**Information**
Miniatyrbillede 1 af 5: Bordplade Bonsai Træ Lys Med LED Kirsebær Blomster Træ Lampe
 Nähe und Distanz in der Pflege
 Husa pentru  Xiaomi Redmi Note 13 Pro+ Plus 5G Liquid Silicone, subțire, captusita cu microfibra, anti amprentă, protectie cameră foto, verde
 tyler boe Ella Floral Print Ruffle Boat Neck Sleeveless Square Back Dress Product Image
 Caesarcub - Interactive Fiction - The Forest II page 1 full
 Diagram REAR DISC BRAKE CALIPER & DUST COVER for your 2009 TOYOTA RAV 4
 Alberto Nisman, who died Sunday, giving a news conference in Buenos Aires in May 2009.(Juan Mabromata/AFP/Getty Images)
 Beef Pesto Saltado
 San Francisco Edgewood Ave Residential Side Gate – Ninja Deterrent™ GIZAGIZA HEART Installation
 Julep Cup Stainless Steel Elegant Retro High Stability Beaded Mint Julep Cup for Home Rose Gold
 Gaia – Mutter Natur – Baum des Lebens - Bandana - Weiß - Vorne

**Directions**
"Alberto Nisman, who" marks the first line to print; reproduce that line and every line after it through the end of the listing above.

**Solution**
 Alberto Nisman, who died Sunday, giving a news conference in Buenos Aires in May 2009.(Juan Mabromata/AFP/Getty Images)
 Beef Pesto Saltado
 San Francisco Edgewood Ave Residential Side Gate – Ninja Deterrent™ GIZAGIZA HEART Installation
 Julep Cup Stainless Steel Elegant Retro High Stability Beaded Mint Julep Cup for Home Rose Gold
 Gaia – Mutter Natur – Baum des Lebens - Bandana - Weiß - Vorne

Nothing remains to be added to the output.